Lacan tournait en dérision dans les années cinquante la promotion alors insistante chez les psychanalystes de l'ici et maintenant, de l'hic et nunc (rebaptisé par Queneau "liquette ninque". Il n'avait pas tort de se moquer si revêtir cette seule liquette-là devait conduire à fixer exclusivement son attention - et à en faire dépendre ses interprétations - sur la relation actuelle et, qui plus est, sur la relation entre deux personnes, celle de l'analyste et de son patient (la two bodies psychology de Bali). Ce serait méconnaître, avec l'ici, le mouvement du transfert qui traverse la personne sans y trouver son point d'arrêt.

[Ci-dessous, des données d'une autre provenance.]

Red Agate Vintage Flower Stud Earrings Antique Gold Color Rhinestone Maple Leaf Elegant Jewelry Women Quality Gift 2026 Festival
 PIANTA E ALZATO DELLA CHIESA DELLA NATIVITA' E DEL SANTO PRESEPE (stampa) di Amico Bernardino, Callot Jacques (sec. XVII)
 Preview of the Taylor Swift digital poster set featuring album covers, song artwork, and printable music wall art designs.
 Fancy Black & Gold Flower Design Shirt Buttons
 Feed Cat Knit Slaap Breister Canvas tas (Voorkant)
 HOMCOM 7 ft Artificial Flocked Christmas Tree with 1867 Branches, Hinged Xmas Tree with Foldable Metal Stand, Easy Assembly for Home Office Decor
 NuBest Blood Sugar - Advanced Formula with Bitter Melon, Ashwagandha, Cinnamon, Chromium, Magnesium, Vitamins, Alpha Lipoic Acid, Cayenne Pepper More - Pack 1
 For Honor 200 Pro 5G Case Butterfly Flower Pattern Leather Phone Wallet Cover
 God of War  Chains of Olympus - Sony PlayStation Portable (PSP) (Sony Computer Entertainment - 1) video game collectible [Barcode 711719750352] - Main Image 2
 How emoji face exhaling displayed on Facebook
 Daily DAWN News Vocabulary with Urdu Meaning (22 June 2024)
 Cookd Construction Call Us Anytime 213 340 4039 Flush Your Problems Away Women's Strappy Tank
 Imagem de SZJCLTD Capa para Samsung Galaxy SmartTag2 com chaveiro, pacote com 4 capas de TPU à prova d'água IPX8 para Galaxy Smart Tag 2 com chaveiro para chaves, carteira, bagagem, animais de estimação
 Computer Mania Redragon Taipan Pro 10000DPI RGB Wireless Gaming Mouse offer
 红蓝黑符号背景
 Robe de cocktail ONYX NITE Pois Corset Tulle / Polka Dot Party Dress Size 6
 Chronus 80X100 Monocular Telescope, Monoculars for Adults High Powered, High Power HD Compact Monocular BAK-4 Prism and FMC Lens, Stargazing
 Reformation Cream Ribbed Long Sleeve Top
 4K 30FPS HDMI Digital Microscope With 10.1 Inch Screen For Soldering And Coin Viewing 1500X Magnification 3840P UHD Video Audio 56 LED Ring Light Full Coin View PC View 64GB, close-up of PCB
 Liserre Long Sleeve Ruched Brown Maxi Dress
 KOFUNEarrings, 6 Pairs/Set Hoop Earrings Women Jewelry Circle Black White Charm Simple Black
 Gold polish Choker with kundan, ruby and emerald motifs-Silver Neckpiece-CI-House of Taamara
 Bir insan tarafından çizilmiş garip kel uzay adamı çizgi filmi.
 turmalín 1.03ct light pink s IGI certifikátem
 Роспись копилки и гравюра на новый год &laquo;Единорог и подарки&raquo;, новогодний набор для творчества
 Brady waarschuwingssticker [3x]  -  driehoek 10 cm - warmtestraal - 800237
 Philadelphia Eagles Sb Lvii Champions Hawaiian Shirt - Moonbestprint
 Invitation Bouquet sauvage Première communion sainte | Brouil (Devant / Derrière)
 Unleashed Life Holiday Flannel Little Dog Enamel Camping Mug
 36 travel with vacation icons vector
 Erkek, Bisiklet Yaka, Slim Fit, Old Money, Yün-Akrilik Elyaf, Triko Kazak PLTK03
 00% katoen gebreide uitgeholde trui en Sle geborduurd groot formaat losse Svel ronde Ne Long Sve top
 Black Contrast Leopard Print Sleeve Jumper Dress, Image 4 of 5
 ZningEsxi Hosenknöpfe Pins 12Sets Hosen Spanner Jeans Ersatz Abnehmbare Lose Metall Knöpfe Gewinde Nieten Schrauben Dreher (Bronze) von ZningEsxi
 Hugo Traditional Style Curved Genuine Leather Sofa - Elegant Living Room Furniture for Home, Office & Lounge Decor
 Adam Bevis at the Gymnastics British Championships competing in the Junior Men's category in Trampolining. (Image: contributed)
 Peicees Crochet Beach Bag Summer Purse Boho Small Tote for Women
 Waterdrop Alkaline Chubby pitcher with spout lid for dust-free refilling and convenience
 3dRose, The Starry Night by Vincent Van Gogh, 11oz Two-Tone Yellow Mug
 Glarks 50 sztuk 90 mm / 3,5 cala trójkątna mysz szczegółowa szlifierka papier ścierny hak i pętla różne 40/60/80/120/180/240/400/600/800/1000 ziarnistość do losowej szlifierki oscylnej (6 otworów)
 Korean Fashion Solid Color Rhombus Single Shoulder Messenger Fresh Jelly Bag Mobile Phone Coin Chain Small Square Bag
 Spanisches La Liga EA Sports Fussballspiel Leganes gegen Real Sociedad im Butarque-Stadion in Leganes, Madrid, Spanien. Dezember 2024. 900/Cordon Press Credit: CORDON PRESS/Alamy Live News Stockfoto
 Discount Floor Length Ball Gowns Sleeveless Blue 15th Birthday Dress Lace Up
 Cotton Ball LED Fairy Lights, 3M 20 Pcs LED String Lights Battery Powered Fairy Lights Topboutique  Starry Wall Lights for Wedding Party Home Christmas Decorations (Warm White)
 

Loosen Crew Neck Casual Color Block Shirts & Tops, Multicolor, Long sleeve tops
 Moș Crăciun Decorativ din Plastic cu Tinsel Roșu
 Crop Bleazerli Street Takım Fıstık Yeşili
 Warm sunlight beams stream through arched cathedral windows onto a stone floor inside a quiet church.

Ce serait méconnaître, avec le maintenant, l'imbrication du présent et du passé, leur différenciation n'a plus lieu d'être, nous sommes dans le passé-présent.

Mais faire fi de la "liquette" est une autre forme de méconnaissance. Être en analyse, ce n'est pas seulement se remémorer, ce n'est pas reconstruire son histoire en en comblant les lacunes. La névrose dite de transfert est une névrose actuelle dans le double sens du mot (au présent, et actualisant, c'est-à-dire cherchant à réaliser l'inaccompli).

J'allais oublier dans la citation d'Ostinato le "courant de la langue" qui est peut-être l'essentiel. C'est ce courant, parfois si rapide qu'il risque de faire chavirer l'embarcation, le plus souvent très lent, qui fait avancer la pensée, s'éveiller la mémoire, s'animer notre âme immobile.

Pour moi, l'écriture et l'analyse s'abandonnent, se confient toutes deux, chacune à sa manière, au courant de la langue. avec soi.